DNS for OpenShift Routes

Create a CNAME for your platform host pointing at the Route's canonical hostname:

oc get route -n traceable \
  -o jsonpath='{.items[0].status.ingress[0].routerCanonicalHostname}'

See the OpenShift Configuration guide for the full namespace-scoped install workflow.


Choosing the right option

Your environment Recommended option
EKS / GKE / AKS (managed cloud) Cloud LoadBalancer (direct traceable-router Service)
ingress-nginx already installed, cluster scope NGINX Ingress (legacy)
Red Hat OpenShift OpenShift Route
Traefik-standardized cluster Traefik
No ingress controller / want minimal moving parts Cloud LoadBalancer, or Envoy mode with controller: none behind your own L4 LB

Validation

After exposing the platform, validate connectivity:

# Service and (if LoadBalancer) external address
kubectl get svc traceable-router -n traceable

# Envoy readiness via the admin port
kubectl port-forward -n traceable svc/traceable-router-internal 9901:9901
curl -s http://localhost:9901/ready

# End-to-end: the login page should respond
curl -kI https://traceable.yourcompany.com/login

Expected: the /login request returns an HTTP 200 (or a 302 redirect to the login flow), confirming traffic reaches Envoy and the IAM service.


Troubleshooting

TLS handshake failures / certificate errors

Symptoms: Browser shows certificate warnings, or curl reports SSL certificate problem.

Causes & solutions:

  • The certificate in tlsSecretName does not match host. Verify the SAN covers your DNS name.
  • For re-encrypt setups with a self-signed backend cert, the controller cannot verify Envoy's certificate. Provide the CA (serversTransport.rootCAsSecrets for Traefik, destinationCACertificate for OpenShift), or temporarily set insecureSkipVerify: true to isolate the issue.

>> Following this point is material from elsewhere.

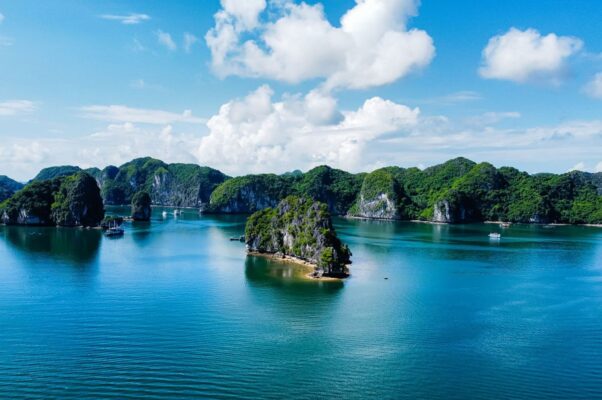 cat-ba-island-cruises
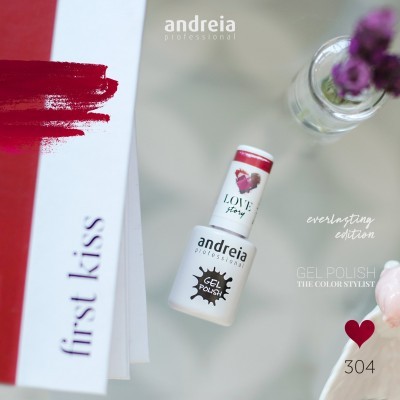 Verniz gel branco Andreia Professional Love Story 304 ao lado de embalagens e flores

502 / 503 from the ingress

Symptoms: The edge responds but returns 502 Bad Gateway or 503.

Causes & solutions:

  • Backend protocol mismatch. Envoy's HTTP listener is h2c (HTTP/2 cleartext). Ensure the controller forwards HTTP/2 (scheme: h2c for Traefik, backend-protocol: GRPC/HTTP2 for NGINX) when targeting port 8000.
  • traceable-router pods are not ready. Check kubectl get pods -n traceable -l app.kubernetes.io/name=traceable-router and the /ready admin endpoint.

Login redirect loops or wrong host

Symptoms: Repeated redirects to /login, or redirects to the wrong hostname.

Causes & solutions:

  • The original Host header is not preserved. Enable host pass-through (passHostHeader: true for Traefik; preserve Host on NGINX). Envoy builds the login redirect from the inbound :authority.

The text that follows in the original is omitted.